Au sein même de ces entreprises, les employés ont tendance à partager l’opinion du public, quand bien-même ils travaillent dans les départements en charge de l’innovation ! A ce stade, l’inefficacité de l’innovation devient une prophétie auto-réalisatrice.

Pour finir, quand les analystes, le public et même les employés partagent une même opinion sur une entreprise, que dire de son recrutement ? L’homme qui veut être écouté va vers le groupe qu’il croit capable d’écouter.

 

d)   Conclusion : oui à l’innovation !

Nous répondons à la question « devons nous être une entreprise innovante ? » par un oui catégorique : pour les employés, pour les clients, pour les concurrents, pour les investisseurs, pour le recrutement.

Le budget R&D ou Marketing n’est pas la mesure d’une culture d’innovation : l’innovation dépasse largement ce cadre. Le défi de chaque entreprise est d’instaurer une culture managériale qui permette l’innovation sans contrainte.
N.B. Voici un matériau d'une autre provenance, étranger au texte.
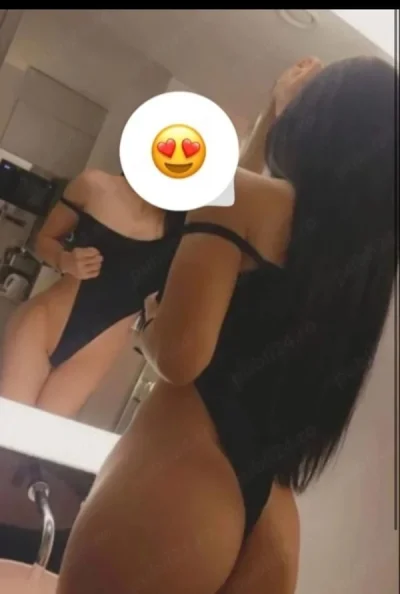 EMMA ! 100% REALA !!!! Confirmare whatsapp !!!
Faut-il en déduire que toutes les entreprises doivent investir pour inventer le nouveau « bâton de jet » qui assurera leur domination ? Non évidemment. Nous en parlerons plus précisément dans le chapitre suivant. Mais réserver du temps, des ressources et des moyens pour l’innovation est une nécessité interne et externe, quelle que soit la stratégie de marché.

Quand une entreprise se pose la question « devons nous innover », c’est qu’elle a progressivement perdu de vue la complémentarité fondamentale chez l’individu comme dans tout groupe entre organiser pour rassurer et innover pour durer.